Machine learning interatomic potentials are revolutionizing large-scale, accurate atomistic modelling in material science and chemistry. Many potentials use atomic cluster expansion or equivariant message passing frameworks. Such frameworks typically use spherical harmonics as angular basis functions, and then use Clebsch-Gordan contraction to maintain rotational symmetry, which may introduce redundancies in representations and computational overhead. We propose an alternative: a Cartesian-coordinates-based atomic density expansion. This approach provides a complete set of polynormially indepedent features of atomic environments while maintaining interaction body orders. Additionally, we integrate low-dimensional embeddings of various chemical elements and inter-atomic message passing. The resulting potential, named Cartesian Atomic Cluster Expansion (CACE), exhibits good accuracy, stability, and generalizability. We validate its performance in diverse systems, including bulk water, small molecules, and 25-element high-entropy alloys.
Paper Structure (7 sections, 15 equations, 5 figures, 5 tables)

This paper contains 7 sections, 15 equations, 5 figures, 5 tables.

Figures (5)

  • Figure 1: Schematic of the CACE potential. a-h show each step of the operation, and i illustrates the rule for making rotationally invariant features.
  • Figure 2: The total number of angular features $N_L$, for maximum values of $l_\mathrm{max}$ and $\nu_\mathrm{max}$.
  • Figure 3: Simulation results of water using CACE $T=1$ model. a Oxygen-oxygen radial distribution functions (RDF) at different temperatures and 1 g/mL computed via classical MD simulations in the NVT ensemble. The experimental O-O RDF at ambient conditions was obtained from Ref skinner2014structure. b Mean squared displacement (MSD) from the liquid water simulations. Diffusivities ($D$) are shown in the legends.
  • Figure 4: The dihedral scan benchmark of the 3BPA molecule. a Molecular structure and three dihedral angles. b The dihedral potential energy landscape for $\beta=120^{\circ}$, as predicted by DFT and CACE. The white dots on the DFT potential energy surface correspond to all the training configurations that have $\beta$ between 100$^{\circ}$ and 140$^{\circ}$.
  • Figure 5: Benchmark on the HEA25 dataset. a Learning curves for different models.
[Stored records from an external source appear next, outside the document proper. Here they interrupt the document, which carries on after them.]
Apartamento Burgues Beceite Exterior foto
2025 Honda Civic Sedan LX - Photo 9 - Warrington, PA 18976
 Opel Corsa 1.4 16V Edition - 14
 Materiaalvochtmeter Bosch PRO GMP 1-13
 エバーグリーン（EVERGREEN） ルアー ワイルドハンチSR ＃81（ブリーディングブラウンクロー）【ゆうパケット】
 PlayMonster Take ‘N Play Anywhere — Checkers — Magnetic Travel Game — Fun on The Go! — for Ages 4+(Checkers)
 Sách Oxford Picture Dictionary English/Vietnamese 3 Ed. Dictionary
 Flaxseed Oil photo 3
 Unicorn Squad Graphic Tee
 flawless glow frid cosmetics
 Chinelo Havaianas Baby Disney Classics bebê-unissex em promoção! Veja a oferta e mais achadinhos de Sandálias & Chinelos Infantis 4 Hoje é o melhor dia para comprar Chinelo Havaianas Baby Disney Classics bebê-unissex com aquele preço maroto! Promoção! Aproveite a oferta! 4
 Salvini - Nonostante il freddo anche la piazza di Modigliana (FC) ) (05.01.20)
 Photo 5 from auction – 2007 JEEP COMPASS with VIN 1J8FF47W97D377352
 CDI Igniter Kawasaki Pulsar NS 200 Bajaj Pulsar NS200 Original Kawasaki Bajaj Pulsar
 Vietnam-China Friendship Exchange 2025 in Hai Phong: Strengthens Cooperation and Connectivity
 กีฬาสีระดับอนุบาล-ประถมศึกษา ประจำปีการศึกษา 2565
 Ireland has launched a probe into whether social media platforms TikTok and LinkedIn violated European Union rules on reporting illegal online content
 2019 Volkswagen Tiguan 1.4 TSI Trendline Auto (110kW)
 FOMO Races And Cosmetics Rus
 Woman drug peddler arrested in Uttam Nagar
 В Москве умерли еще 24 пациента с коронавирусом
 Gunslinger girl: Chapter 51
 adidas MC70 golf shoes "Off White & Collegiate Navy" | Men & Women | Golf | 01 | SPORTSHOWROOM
Both alchemical learning (AL) models are from Ref. lopanitsyna2023modeling. b The first two principal components (PCs) of the CACE embedding matrix. The periods are highlighted with orange, blue, and green lines. Interpolated positions for Re and Os are indicated with empty circles. c Energy comparison between DFT and CACE for a high temperature (5000 K) and a low temperature (300 K) trajectory. The inset shows example solid and melt configurations from the 300 K and the 5000 K trajectories, respectively. d Comparison between the substitution energy $E_\mathrm{sub}$, the potential energy difference between the original structure and the structure substituted with Re and Os element per substitution atom, computed using DFT and CACE. The inset shows the parity plot for the force components computed for those structures.